= GIVEN DATA =
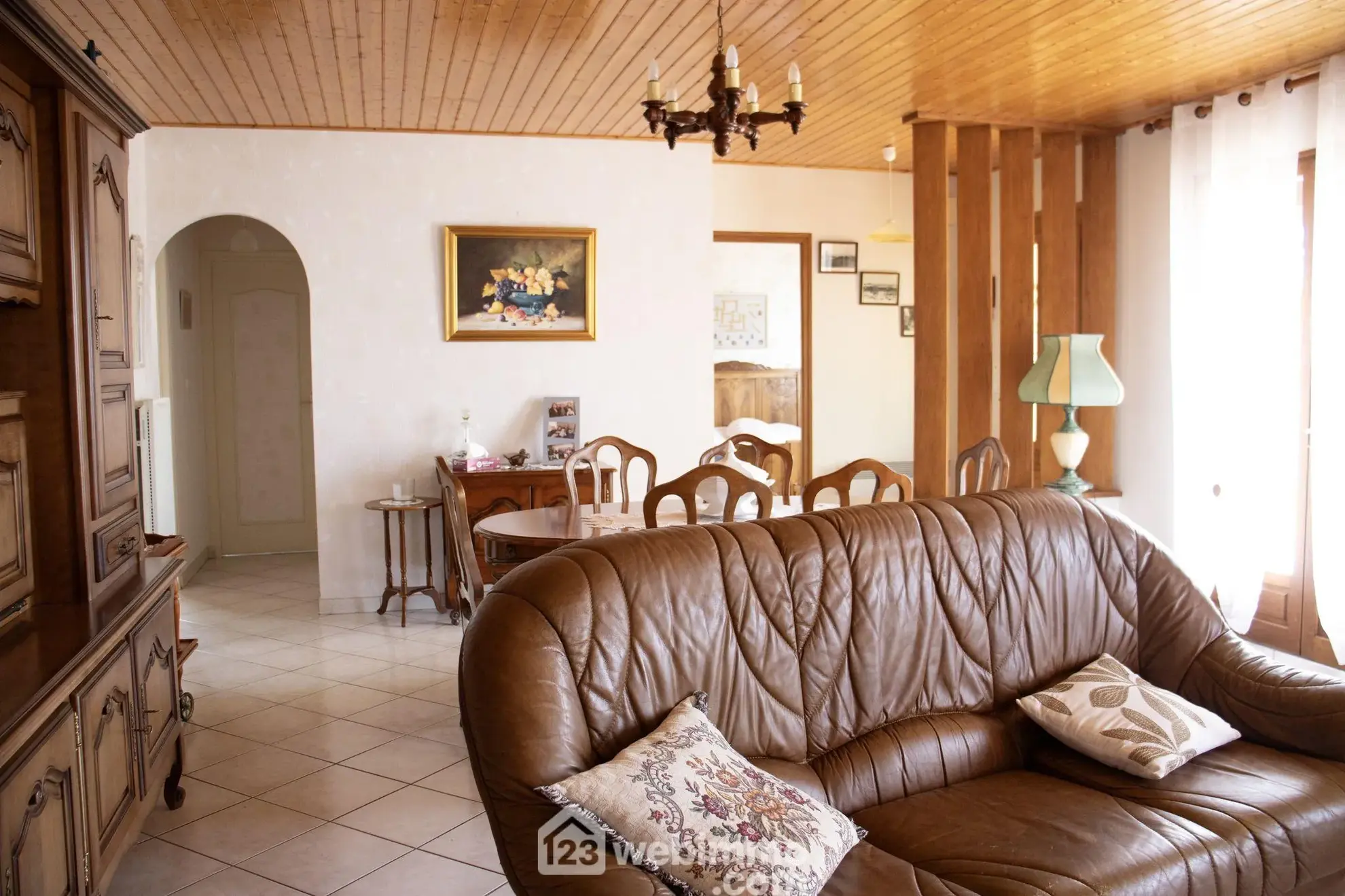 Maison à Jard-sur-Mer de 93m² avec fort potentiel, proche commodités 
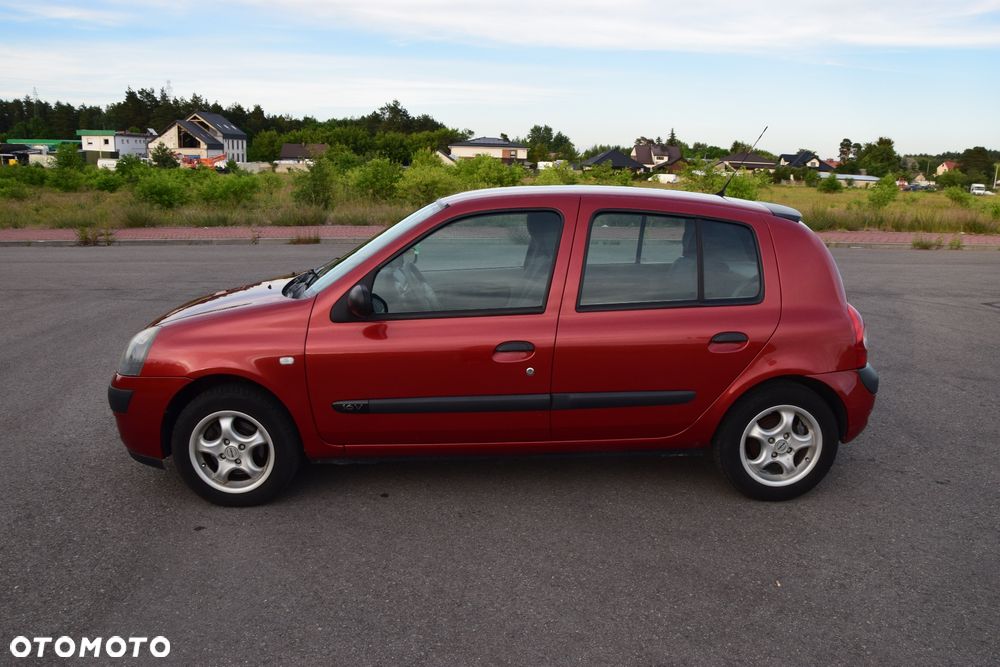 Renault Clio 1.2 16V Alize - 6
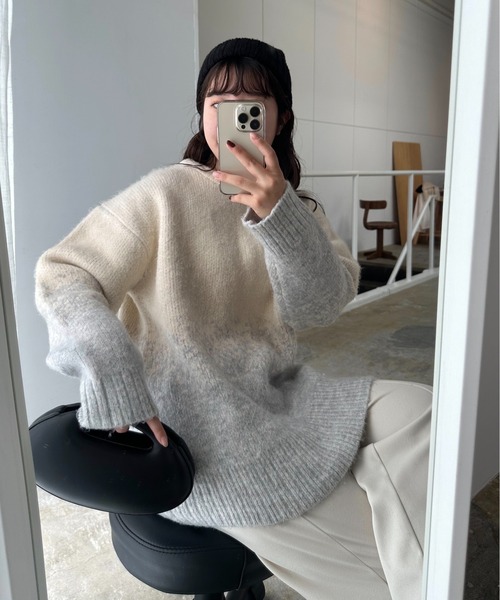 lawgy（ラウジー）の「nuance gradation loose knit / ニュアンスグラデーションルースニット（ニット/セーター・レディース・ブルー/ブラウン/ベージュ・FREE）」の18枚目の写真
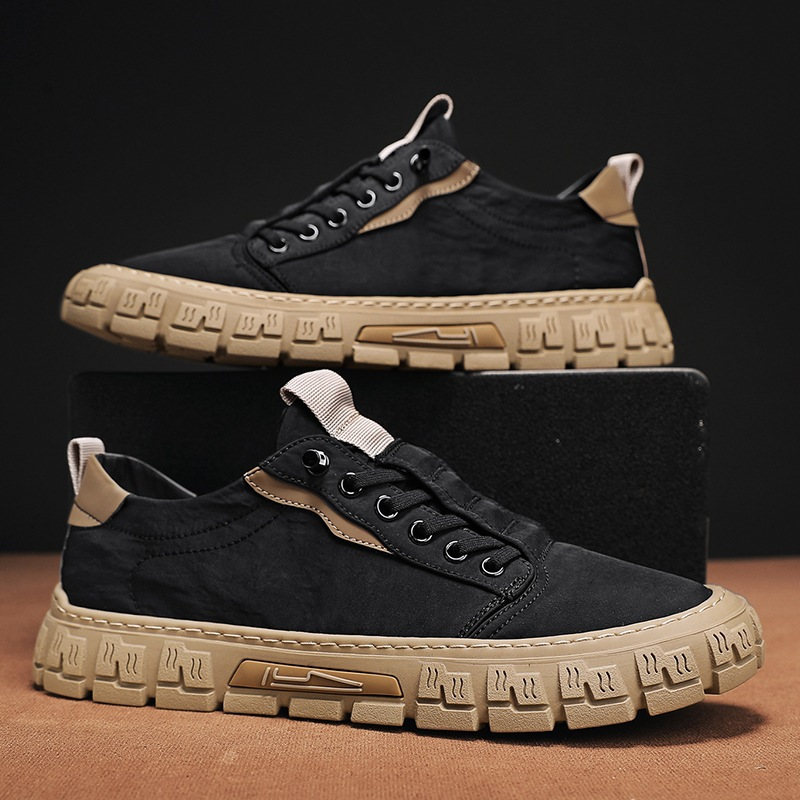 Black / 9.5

= WORK TO BE COMPLETED =
Write out only the lines from the line containing "Renault Clio 1.2 16V Alize - 6" through the end of the material above, both end lines included. Pictures are not written out.

= ANSWER =
 Renault Clio 1.2 16V Alize - 6
 lawgy（ラウジー）の「nuance gradation loose knit / ニュアンスグラデーションルースニット（ニット/セーター・レディース・ブルー/ブラウン/ベージュ・FREE）」の18枚目の写真
 Black / 9.5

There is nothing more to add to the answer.